B&H Photo spokesperson Jeff Gerstel released a statement today in response to the lawsuit filed by New York Attorney General Letitia James last week alleging the New York City retailer knowingly failed to pay sales tax on millions in receipts from manufacturers tied to instant rebates.

Text of the statement follows:

The Attorney General is trying to create a new tax on discounts to make New Yorkers pay more. The Attorney General wants consumers to pay sale tax for what they actually pay plus an additional tax on discounts they receive. This makes no sense and there is no law that requires consumers to pay this tax on discounts.

These claims are without merit; the entire consumer electronics retail industry takes the identical approach that we do.

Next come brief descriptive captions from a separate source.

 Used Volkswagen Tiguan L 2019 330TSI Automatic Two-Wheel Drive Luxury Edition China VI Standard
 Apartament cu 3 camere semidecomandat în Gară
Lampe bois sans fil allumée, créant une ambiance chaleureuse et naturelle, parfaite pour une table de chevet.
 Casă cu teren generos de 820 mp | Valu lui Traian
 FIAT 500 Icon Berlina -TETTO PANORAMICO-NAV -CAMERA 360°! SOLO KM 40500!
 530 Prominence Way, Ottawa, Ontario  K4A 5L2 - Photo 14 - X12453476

B&H has done nothing wrong and it is outrageous that the Attorney General is attacking a New York company that employs thousands of New Yorkers while leaving the national online and retail behemoths unchallenged. The Attorney General wants to charge New Yorkers a tax on money they never spent. It's wrong and we won't be bullied. We will fight these allegations aggressively.

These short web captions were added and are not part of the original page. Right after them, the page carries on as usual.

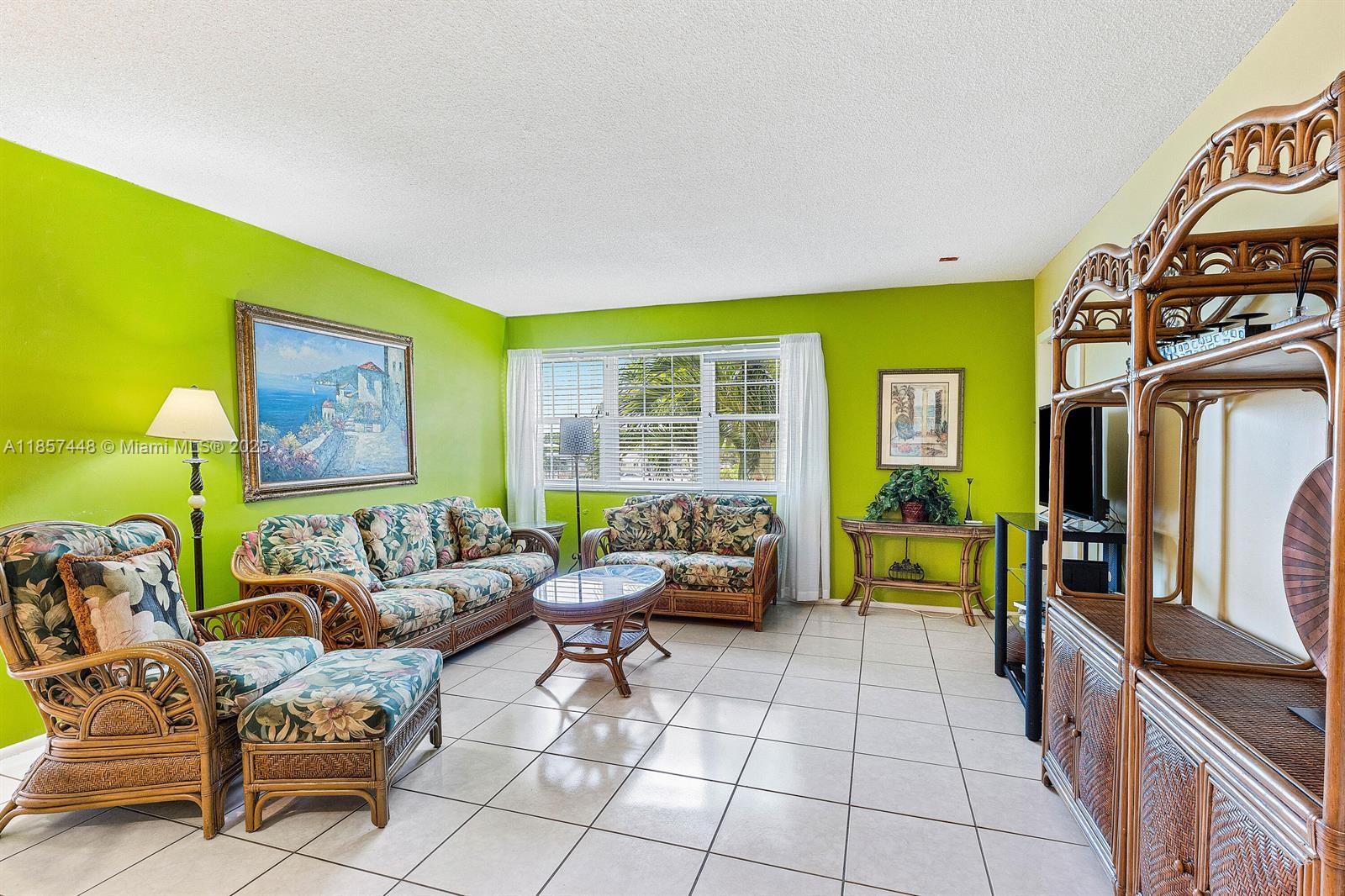 POMPANO PLACE CONDO - Residential Lease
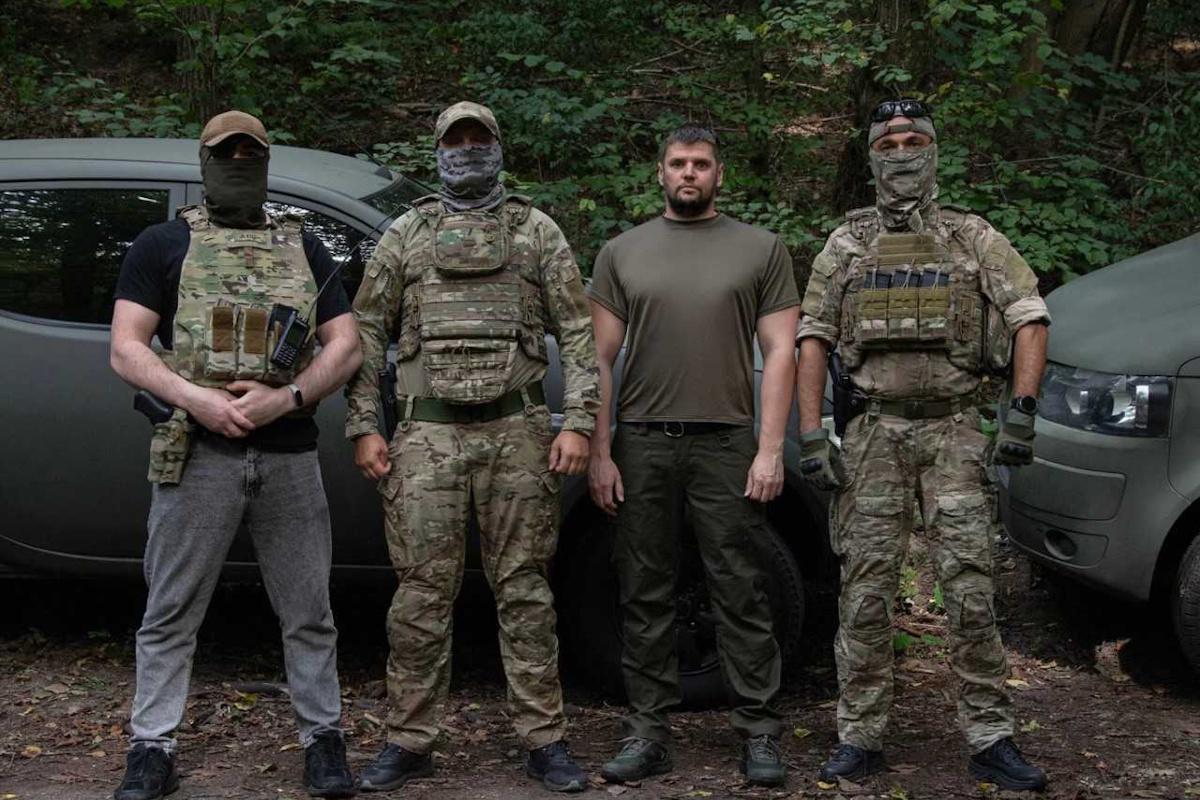 Власник 'Доміно' придбав авто для ГУР та закликав бізнес віддавати частину прибутку захисникам Власник 'Доміно' придбав авто для ГУР та закликав бізнес віддавати частину прибутку захисникам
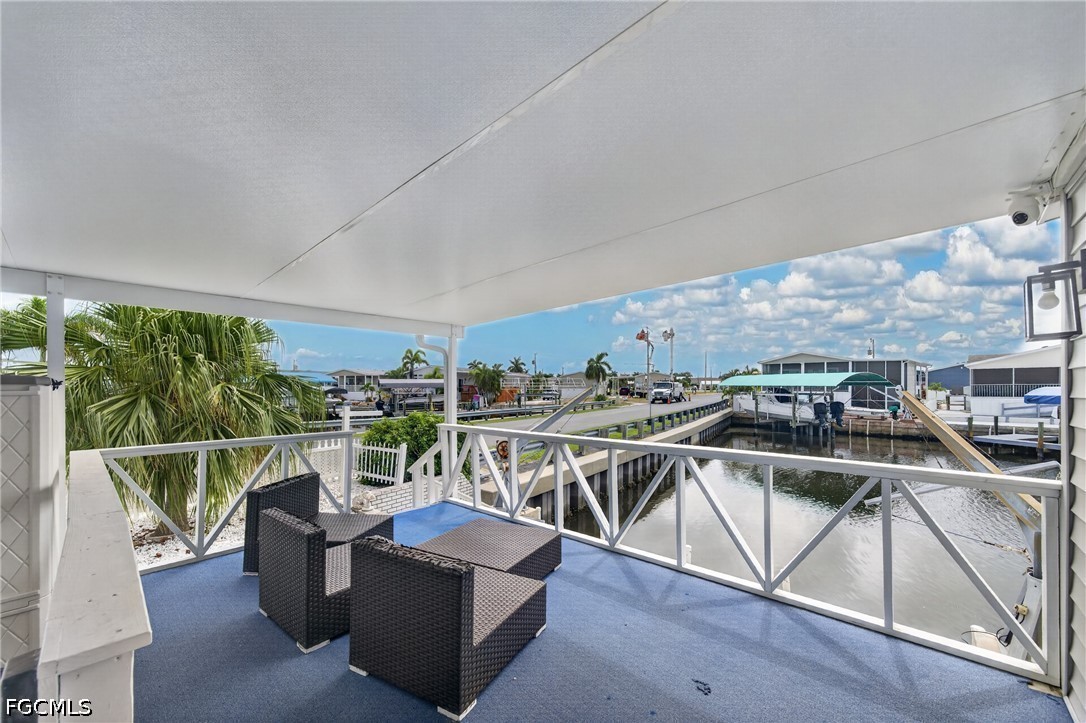 2 Bed Waterfront Home for Sale in Cherry Estates, FL — photo 2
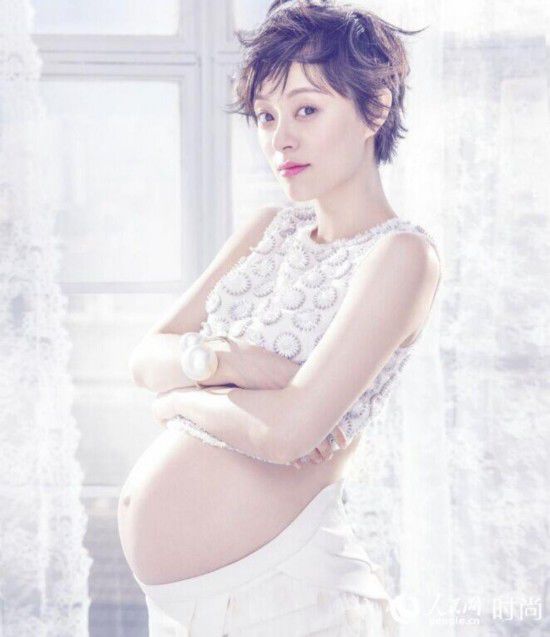 佟丽娅承认怀孕大肚照曝光 女星晒怀孕照 炫腹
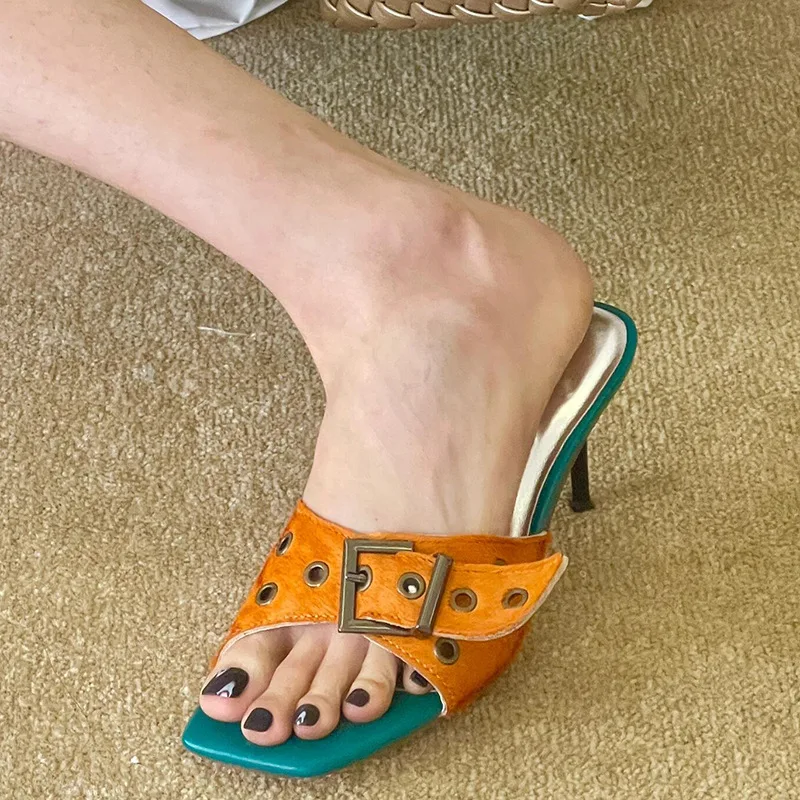 

Сексуальные туфли Spice Girl с квадратным носком и заклепками, модные универсальные повседневные тапочки на тонком высоком каблуке с пряжкой на ремне, уличные женские туфли-лодочки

B&H is not a big box store or a faceless chain; we are a New York institution, having operated here for nearly 50 years with a stellar reputation. The New York State Department of Taxation and Finance has done countless audits and never once -- not a single time -- mentioned any issue with this widespread retail industry practice.

The Attorney General's investigation and subsequent lawsuit arose from a qui tam lawsuit filed under seal by a whistleblower. The press release announcing the law suit claimed:

Today's lawsuit, filed in New York State Supreme Court, concerns B&H's failure to pay taxes on "instant rebates," which are point-of-sale discounts the company offers its customers, for which it receives reimbursement from manufacturers. While these arrangements are subject to New York State sales tax, B&H never paid that tax, despite its repeated and explicit acknowledgements -- internally, to outside vendors and externally, to a competitor -- that under New York tax law, it owed sales tax on these reimbursements. The lawsuit alleges B&H violated the state's Tax Law and the New York False Claims Act. Attorney General James is seeking treble damages, penalties and interest to redress these violations.

The case is being handled by Assistant Attorney General Laura Jereski of the Taxpayer Protection Bureau with the support of senior legal support analyst Bianca LaVeglia.